Assignment: From the line holding "Brompton cykel mönstrad Tie Slips" through the line holding "Certificate Appreciation Example" below, write out every line exactly; include both of those lines and drop the pictures.

Supplied material:
⁂
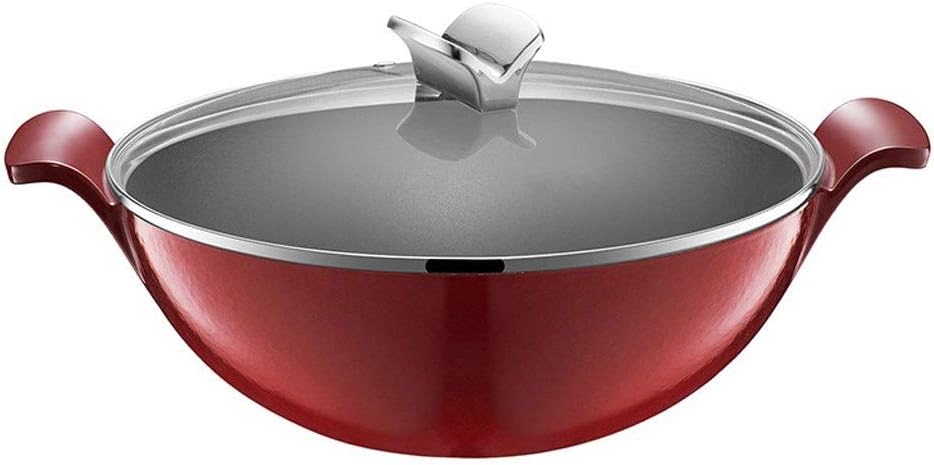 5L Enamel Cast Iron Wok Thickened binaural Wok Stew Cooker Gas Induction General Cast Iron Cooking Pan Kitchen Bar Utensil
⁂
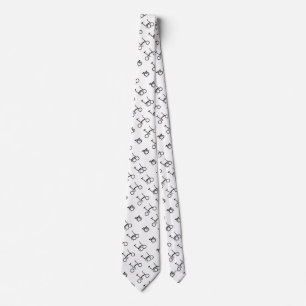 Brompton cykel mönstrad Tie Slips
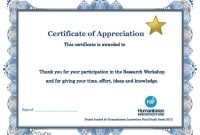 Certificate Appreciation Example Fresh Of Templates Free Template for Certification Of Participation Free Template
⁂
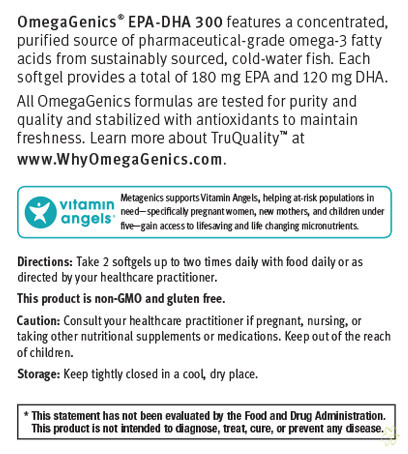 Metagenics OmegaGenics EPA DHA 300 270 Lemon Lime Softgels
⁂
Result below:
 Brompton cykel mönstrad Tie Slips
 Certificate Appreciation Example Fresh Of Templates Free Template for Certification Of Participation Free Template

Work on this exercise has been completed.